→ **Problem details**:
The records that follow are to be copied word for word. Pictures should be omitted.

→ **Data to process**:

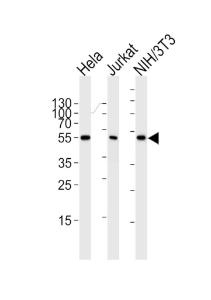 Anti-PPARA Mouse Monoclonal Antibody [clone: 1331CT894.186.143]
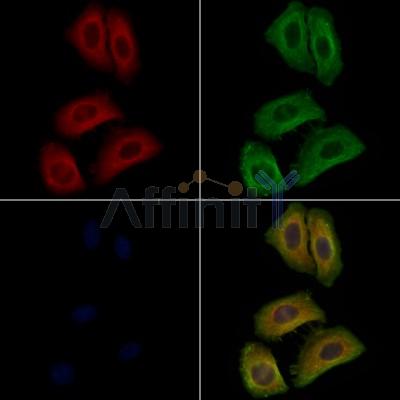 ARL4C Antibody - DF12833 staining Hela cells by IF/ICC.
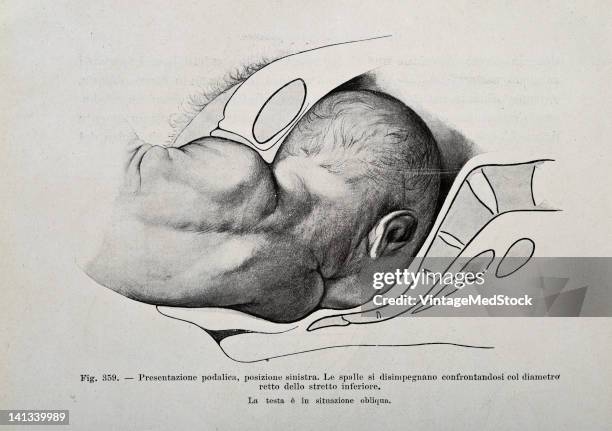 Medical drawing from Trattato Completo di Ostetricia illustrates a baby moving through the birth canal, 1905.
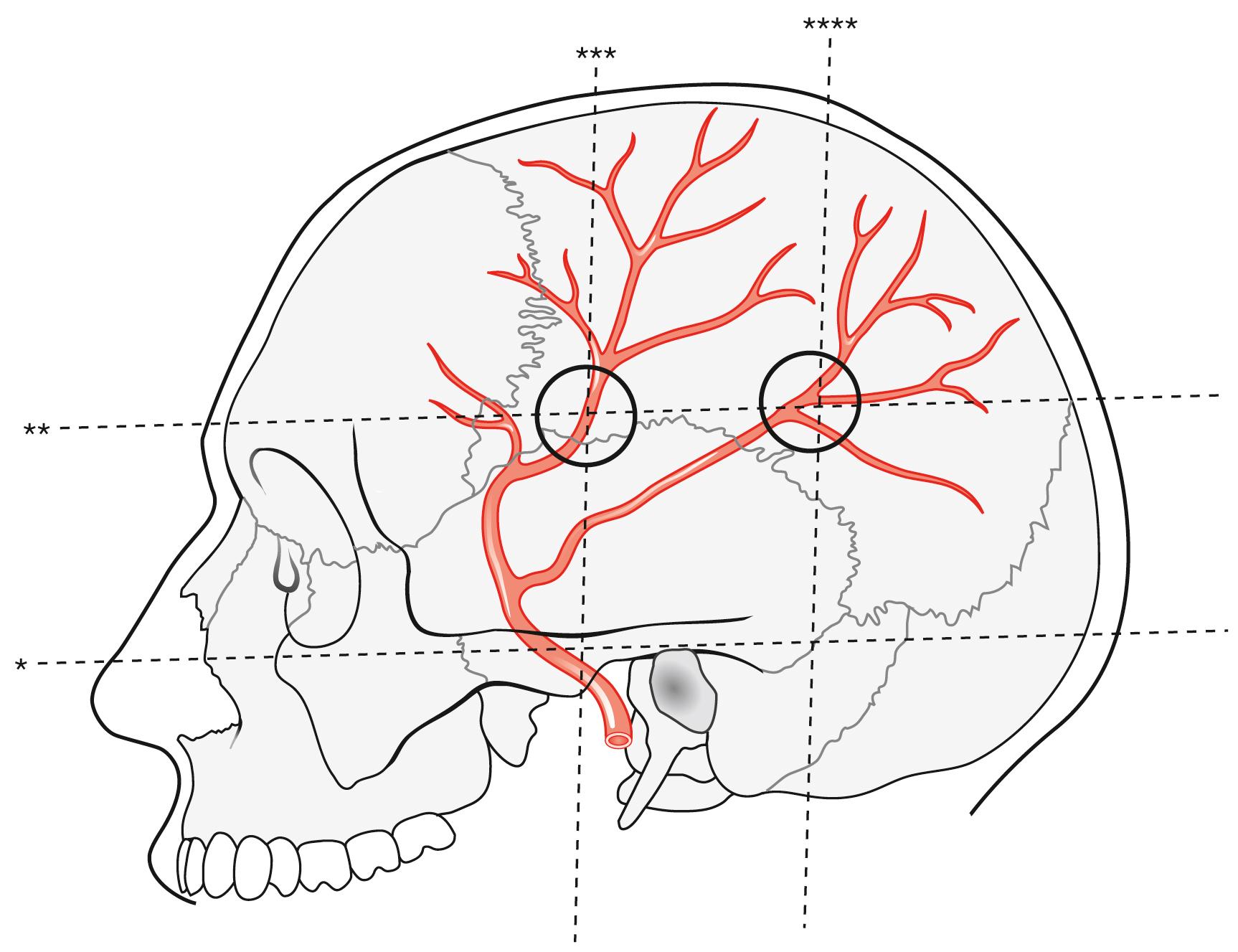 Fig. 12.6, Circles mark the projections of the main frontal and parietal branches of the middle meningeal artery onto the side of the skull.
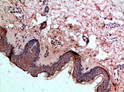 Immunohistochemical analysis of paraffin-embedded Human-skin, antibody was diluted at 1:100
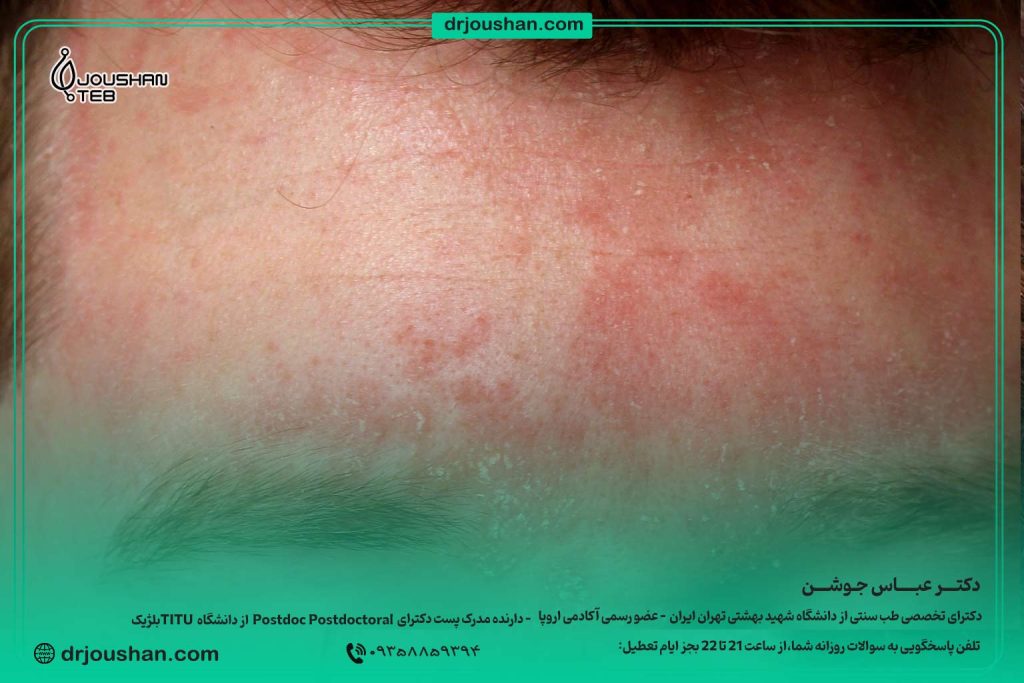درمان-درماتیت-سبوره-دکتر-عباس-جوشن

→ **Reply**:
 Anti-PPARA Mouse Monoclonal Antibody [clone: 1331CT894.186.143]
 ARL4C Antibody - DF12833 staining Hela cells by IF/ICC.
 Medical drawing from Trattato Completo di Ostetricia illustrates a baby moving through the birth canal, 1905.
 Fig. 12.6, Circles mark the projections of the main frontal and parietal branches of the middle meningeal artery onto the side of the skull.
 Immunohistochemical analysis of paraffin-embedded Human-skin, antibody was diluted at 1:100
درمان-درماتیت-سبوره-دکتر-عباس-جوشن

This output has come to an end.